The UK pledged an extra $1.7bn until 2020, Germany committed to $2.6bn until 2018, France said it would give $1bn and the US pledged an extra $925m for 2016.

Australia, Belgium, Italy, Poland, Japan, the UAE, Austria, Switzerland, Estonia, Denmark and Finland also committed funds.

European Council President Donald Tusk said the EU would commit €3bn this year and intended to “maintain this level of financing” for 2017 and beyond.

“Since the start of the conflict, the European Union has spent €5 billion helping to manage this crisis. Last year, the European Union exceeded its commitment to give an additional €1 billion to the region. We now stand ready to offer more help,” Tusk said.
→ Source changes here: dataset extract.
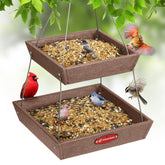 Kingsyard comedero colgante frontal mostrando diseño y doble bandeja para atraer aves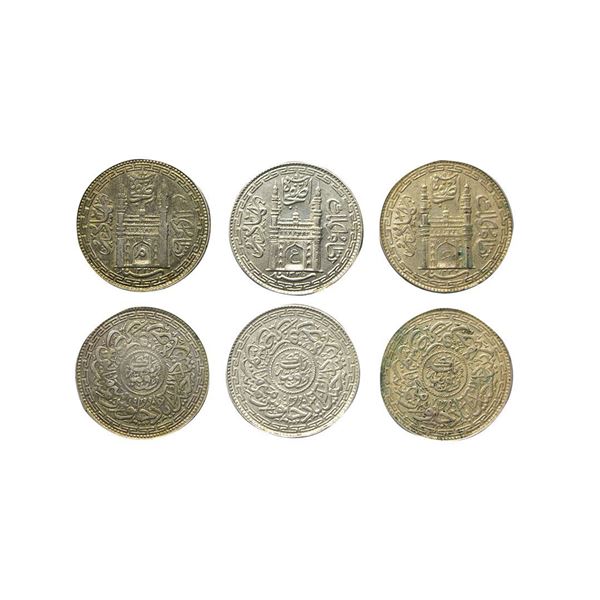 Hyderabad, Mir Mahbub Ali Khan and Mir Usman Ali Khan, Silver Rupee (3)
Poland’s former premier said the European Investment Bank would also “play its part”, offering to lend as much as €23bn “for the whole of the Middle East and North Africa”.

The $9bn which was sought are made up of a UN appeal for $7.7bn and about $1.3bn requested by regional host governments.

The Turkish Prime Minister Ahmet Davuto?lu accused the Assad regime of ethnic cleansing. He said 30,000 Syrians are fleeing camps between Aleppo and Turkey because of Russian airstrikes. “This is ethnic cleansing and a war crime,” he said.

“In supporting our refugee response, you will not only be addressing the urgent needs of millions, you will be helping my country continue to do the right thing – fulfilling a critical role in our region and staying strong for the world.” King Abdullah II of Jordan told the audience. Jordan is one of the countries hardest-hit by the crisis gripping Syria.

EU foreign affairs chief Federica Mogherini said the EU-Turkey joint action plan, and the refugee facility, have just been activated. Indeed, on 3 February the EU approved a €3 billion fund for Turkey to help refugees and migrants in the country in exchange for Ankara ensuring fewer of them venture out towards Europe.

>>Read: EU approves €3 billion migration fund for Turkey

“We’re working closely with Lebanon and Jordan on what we call the European Union compacts, which are plans that won’t just ease the living conditions of the refugees. They will also support the economic and social resilience of Lebanon and Jordan in these very difficult times,” Mogherini said.

UN-brokered peace talks with the Syrian government and opposition have been suspended until 25 February amid concern about continuing airstrikes. Bashar al-Assad’s opponents say that UN resolution 2254, mandating the talks, requires an end to airstrikes and humanitarian relief for suffering civilians.

Ban Ki-Moon accused Syria’s Assad regime of undermining the suspended Geneva peace talks by a sudden increase in aerial bombing and military activity in the country.